Raro prazer

Legenda: Na festa de Eduardo Simões, os amigos José Alberto Nemer, Sônia Jacques, Sandra Carvalho e Fred Mota Machado
Foto: Edy Fernandes

Raro prazer
Recentemente, amiga Maura Dias, embarcando para os EUA, viu que nem tudo está perdido. No restaurante do aeroporto o garçom comentou algo simples, que aumentou o orgulho que ela já tinha pela filha. O rapaz, rapidamente, chamou os colegas para ver coisa que nunca se via ali: uma criança lendo um livro. E aqui podemos dobrar o orgulho e a surpresa: uma criança lendo e um garçom valorizando o ato, o que quer dizer que ele também lê e provavelmente seus filhos lêem ou lerão. Parabéns a todos.

Raro comportamento
E as reflexões e surpresas de Maura continuaram em Miami, claro, porque no exterior, ao longe, enxergamos melhor nosso país.
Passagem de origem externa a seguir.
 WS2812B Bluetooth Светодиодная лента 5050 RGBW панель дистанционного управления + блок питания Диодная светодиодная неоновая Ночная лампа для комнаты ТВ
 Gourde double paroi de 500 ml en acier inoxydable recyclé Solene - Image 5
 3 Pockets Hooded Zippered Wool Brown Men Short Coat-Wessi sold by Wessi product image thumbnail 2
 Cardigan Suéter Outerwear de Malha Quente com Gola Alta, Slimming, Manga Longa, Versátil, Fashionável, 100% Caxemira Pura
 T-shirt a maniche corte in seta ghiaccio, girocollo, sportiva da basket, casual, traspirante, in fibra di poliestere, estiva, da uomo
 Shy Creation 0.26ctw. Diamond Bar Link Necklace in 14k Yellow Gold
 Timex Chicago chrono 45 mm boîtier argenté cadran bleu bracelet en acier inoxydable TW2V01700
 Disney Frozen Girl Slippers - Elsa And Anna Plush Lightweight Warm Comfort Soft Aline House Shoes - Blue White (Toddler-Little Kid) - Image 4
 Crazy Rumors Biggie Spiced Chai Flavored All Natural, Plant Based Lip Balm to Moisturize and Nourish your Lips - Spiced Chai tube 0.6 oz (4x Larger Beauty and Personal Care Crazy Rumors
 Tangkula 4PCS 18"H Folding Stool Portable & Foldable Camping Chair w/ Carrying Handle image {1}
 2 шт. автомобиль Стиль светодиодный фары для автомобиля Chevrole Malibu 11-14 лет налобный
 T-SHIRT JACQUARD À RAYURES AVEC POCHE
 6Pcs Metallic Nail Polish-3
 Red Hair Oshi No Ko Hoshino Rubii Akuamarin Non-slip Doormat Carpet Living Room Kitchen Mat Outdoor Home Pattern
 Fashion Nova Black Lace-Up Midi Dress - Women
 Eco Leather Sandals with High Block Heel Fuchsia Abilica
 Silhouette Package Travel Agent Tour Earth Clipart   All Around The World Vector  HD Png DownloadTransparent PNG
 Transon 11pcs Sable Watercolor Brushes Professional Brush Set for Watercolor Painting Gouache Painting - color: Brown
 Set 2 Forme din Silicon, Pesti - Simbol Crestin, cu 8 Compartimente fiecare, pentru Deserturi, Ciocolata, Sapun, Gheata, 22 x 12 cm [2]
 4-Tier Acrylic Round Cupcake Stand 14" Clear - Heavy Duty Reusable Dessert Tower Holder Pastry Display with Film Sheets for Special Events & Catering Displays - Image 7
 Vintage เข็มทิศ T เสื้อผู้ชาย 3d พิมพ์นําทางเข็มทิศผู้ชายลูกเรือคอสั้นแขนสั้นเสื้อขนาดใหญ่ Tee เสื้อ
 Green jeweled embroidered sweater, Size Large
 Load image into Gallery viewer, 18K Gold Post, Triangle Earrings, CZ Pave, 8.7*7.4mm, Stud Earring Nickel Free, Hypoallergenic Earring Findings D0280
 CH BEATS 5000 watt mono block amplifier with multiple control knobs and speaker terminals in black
Maura sabe que os brasileiros têm fama de amigáveis e cordiais, mas toda vez que ela vai aos EUA percebe que lá, ela escuta muito mais: "Good Morning".

Raro hábito
Escuta mais "Bom Dia", "Obrigado" e "Me desculpe" que no Brasil. Maura se pergunta se é impressão dela. Não. Na França, por exemplo, é "obrigatório" dizer coisas difíceis como "Bonjour" ao entrar num elevador; "Merci" e "Sil vous plaît", ao comprar um jornal ou na padaria.

Raro exotismo
OK, não vamos exagerar, é preciso lembrar que no jeitinho brasileiro, na entonação e na aproximação informais, já está incutida uma certa educação, gentileza. Mas no exterior nem todas as pessoas sabem disso. E sim, os brasileiros falam alto, escutam música alta, não respeitam a lei do silêncio, gritam em qualquer lugar, não se preocupam com o outro. Nesse ponto sim, somos muito mal educados.

Curtas & Finas

*E para manter o clima de Carnaval, no meio da folia, é verdade ou não que censuram marchinhas, há mil anos, politicamente incorretas?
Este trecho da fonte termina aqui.